如何在 Go 中读取 JSONL 文件？

使用 bufio.NewScanner 逐行读取文件，然后用 json.Unmarshal 将每行解析为 struct 或 map。或者，使用 json.NewDecoder 进行流式解码，无需显式行分割。两种方式都是每次处理一条记录，保持低内存使用。

bufio.Scanner 和 json.Decoder 处理 JSONL 有什么区别？

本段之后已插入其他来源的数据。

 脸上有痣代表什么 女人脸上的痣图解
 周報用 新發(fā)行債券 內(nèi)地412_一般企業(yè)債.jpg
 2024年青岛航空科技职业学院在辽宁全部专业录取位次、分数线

bufio.Scanner 读取原始行，需要单独调用 json.Unmarshal，可以访问原始字节和行号。json.Decoder 直接从 io.Reader 读取并按顺序解码 JSON 值，效率更高但不暴露原始行数据。需要行级错误报告时使用 Scanner，追求最大吞吐量时使用 Decoder。

如何在 Go 中写入 JSONL 文件？

使用 json.Marshal 序列化每条记录，追加换行字节，然后写入文件。为了更好的性能，使用 json.NewEncoder 包装 bufio.Writer。encoder 在每次 Encode 调用后自动添加换行符。务必在关闭文件前对缓冲写入器调用 Flush。

如何在 Go 中并发处理 JSONL？

使用 fan-out 模式：在一个 goroutine 中读取记录，通过 channel 发送，在多个 worker goroutines 中处理。使用 sync.WaitGroup 等待所有 workers 完成，使用 results channel 收集输出。对于 CPU 密集型任务，将 workers 数量设为 runtime.NumCPU()，I/O 密集型任务可以设得更高。

如何在 Go 中处理大型 JSONL 文件？

bufio.Scanner 和 json.Decoder 都是逐条处理记录，无需加载整个文件。对于 Scanner，如果行超过 64KB，使用 scanner.Buffer() 增加缓冲区大小。Decoder 内部处理缓冲。将任一方式与 goroutines 结合使用，可并行处理超大文件。

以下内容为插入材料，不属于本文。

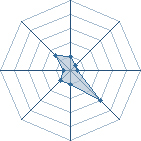 Potentiel de Equipe 45591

可以将 json.Decoder 用于 HTTP 响应体的 JSONL 吗？

可以。json.Decoder 可用于任何 io.Reader，包括 http.Response.Body。使用 json.NewDecoder(resp.Body) 创建解码器，在循环中调用 Decode 直到收到 io.EOF。这非常适合从 API 流式读取 JSONL，因为它在记录到达时就进行处理，无需等待完整响应。

Go 处理 JSONL：bufio、json.Decoder 与并发处理

在 Go 中使用 JSONL（JSON Lines）文件的完整指南。学习使用标准库的 bufio、encoding/json 和 goroutines 来读取、写入、流式处理和并发处理 JSONL 数据。

最后更新：2026年2月

为什么选择 Go 处理 JSONL？

Go 是处理 JSONL 文件的绝佳选择，尤其是在性能和并发性至关重要的场景下。标准库提供了所需的一切：bufio 用于高效的逐行 I/O，encoding/json 用于解析和序列化，goroutines 用于并行处理。无需任何第三方依赖。Go 的编译特性意味着您的 JSONL 管道运行速度将远超同等的 Python 或 Node.js 脚本，在普通硬件上通常可以每秒处理数百万行。

JSONL（JSON Lines）每行存储一个 JSON 对象，天然适合 Go 的流式 I/O 模型。无需将整个文件加载到内存中，您可以使用 scanner 或 decoder 逐条读取和处理记录。结合 Go 的轻量级 goroutines 和 channels，您可以构建充分利用所有可用 CPU 核心的并发 JSONL 管道。在本指南中，您将学习如何使用 bufio.Scanner 读取 JSONL、使用 json.Decoder 进行流式处理、高效写入 JSONL、并发处理记录以及健壮地处理错误。

使用 bufio.Scanner 读取 JSONL 文件

在 Go 中读取 JSONL 最直接的方式是使用 bufio.Scanner。它逐行读取文件，然后用 json.Unmarshal 解析每一行。这种方式让您可以完全控制缓冲区大小和错误处理。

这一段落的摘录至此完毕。